A refrigerator that’s made completely of clay, that uses no electricity and still keeps food fresh for weeks!
In our previous post – Completing the Cold Chain at the collection point, we talked about how Promethean Power Systems, a company founded by two-American entrepreneurs is bringing innovative products to rural India to strengthen the Milk supply chain. But innovation doesn’t always have to come from research labs or huge-companies. Meet one of our own desi-inventors.
Prajapati Mansukhbhai Raghavjibhai, a simple potter from Wankaner, Gujarat sells a refrigerator made of Mitti (mud) that cools everything right from fruits and vegetables to milk and water, without the need of any electricity.

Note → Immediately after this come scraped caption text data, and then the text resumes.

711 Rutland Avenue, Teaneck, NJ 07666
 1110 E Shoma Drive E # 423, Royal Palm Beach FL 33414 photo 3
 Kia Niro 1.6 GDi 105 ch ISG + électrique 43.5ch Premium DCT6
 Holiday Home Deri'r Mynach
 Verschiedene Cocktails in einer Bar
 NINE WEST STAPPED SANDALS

He charges a mere Rs. 2,500 for a clay-based refrigerator that is believed to keep water-chilled, and fruits and vegetables fresh for weeks.

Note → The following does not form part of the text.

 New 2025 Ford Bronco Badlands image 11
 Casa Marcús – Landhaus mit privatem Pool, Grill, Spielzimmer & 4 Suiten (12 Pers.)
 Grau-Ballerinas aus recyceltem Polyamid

He was inspired to invent Mitticool during the Gujarat earthquakes of 2001, when he saw that poor people around him could not afford electrical appliances. Mansukhbhai realized that earthen pots are a poor man’s refrigerator and that he needs to find a way to make the best refrigerator he could make out of clay.
It took him four years to get the combination right, mixing and churning different types of clay in different proportions. He hit the jackpot with an unusual addition of sawdust and sand, which makes the soil porous and the interiors cold. Thus Mitticool was born-
Mitticool is divided into two compartments- the top half is a tank that stores water which in turn cools the lower half where milk and vegetables are stored. The magic really lies in the clay that is used to make Mitticool, the composition of which has been kept secret. But all we care about is that it works perfectly well.
From raw clay to a finished earthen refrigerator, it takes just a week to make Mitticool. Mansukhbhai sells 60-70 units of Mitticool a month to buyers from all across India while Chennai and Hyderabad have recorded the highest number of sales. Under this brand name he is also producing water filters, pressure cookers, and non-stick tawas all made of clay. He has received offers from retail brands like Relaince for Mitticool but he thinks that marketing through retail chains might push the prices up, thereby defeating his very idea behind making Mittcool.
Mansukhbhai continues on his mission for bringing cheap, safe and reliable cooling devices for the poor in India.